Namun, bersamaan dengan majunya teknologi, perempuan juga mulai 
menyadari ada banyak pilihan yang bisa dia ambil, apakah dia akan 
melahirkan anak, tidak melahirkan anak, atau justru memilih untuk 
mengadopsi anak.
Buku
 yang diedit oleh Devasahayam dan Yeoh ini memaparkan mengenai 
perempuan-perempuan Asia yang juga berperan sebagai ibu, bernegosiasi 
dalam peran motherhood yang selama ini ada dalam masyarakat untuk 
membentuk definisi motherhood yang lebih kompleks. Misalnya para ibu 
yang bekerja untuk mencari nafkah ini berupaya bagaimana caranya agar 
perannya sebagai ibu tidak hilang di tengah kesibukannya bekerja di 
tempat yang jauh dari anak-anak dan keluarganya. Hubungan penting 
partisipasi pasar perempuan pekerja, keluarga, dan kesetaraan gender 
kemudian menjadi fokus dalam buku ini.
Bagian
 pertama buku ini membahas mengenai multi-definisi motherhood 
berdasarkan konteks wilayah di Asia. Maila Stivens (hal. 29-50) membahas
 mengenai pembentukan kultural terhadap ideologi motherhood di Malaysia 
dan Singapura dengan pendapat bahwa politik kultural pengasuhan berimbas
 pada munculnya variasi penggambaran seorang perempuan sebagai ibu atau 
pekerja perempuan yang kemudian menjadi suatu isu nasional. Misalnya, 
perpindahan perempuan dari wilayah domestik ke wilayah publik 
dikhawatirkan akan menurunkan angka kelahiran bayi. Sementara itu, Keiko
 Hirao (hal. 51-83) berbicara kontradiksi peran keibuan di Jepang. Keiko
 memaparkan mengenai kondisi status-quo dimana perekonomian di Jepang 
sangat berorientasi pada jenis kelamin laki-laki sehingga perempuan yang
 bekerja hanya mendapatkan upah yang sangat minimal dan tanpa 
mendapatkan asuransi kerja. Pada saat yang sama, pemerintah Jepang 
menganjurkan para laki-laki dan perempuan di Jepang untuk menikah dan 
memiliki anak. Kebijakan semacam ini menjadi kontradiktif ketika 
pemerintah juga berusaha mendorong perempuan untuk meningkatkan 
kiprahnya dalam bidang perekonomian.
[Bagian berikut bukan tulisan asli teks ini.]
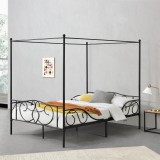 Pat baldachin Finstr&ouml;m S140 otel negru mat [en.casa] HausGarden Leisure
Pembahasan mengenai betapa 
kompleksnya isu motherhood ini juga dipaparkan oleh Debbie Ong dalam 
konteks Singapura, Daniele Belanger dan Xavier Oudin dalam konteks 
Vietnam, dan Santosh Jatrana yang membahas motherhood di India Utara.
Bagian
 terakhir dalam buku ini membahas mengenai fenomena globalisasi yang 
membentuk motherhood di dalam dan di luar Asia. Misalnya Carolyn I. 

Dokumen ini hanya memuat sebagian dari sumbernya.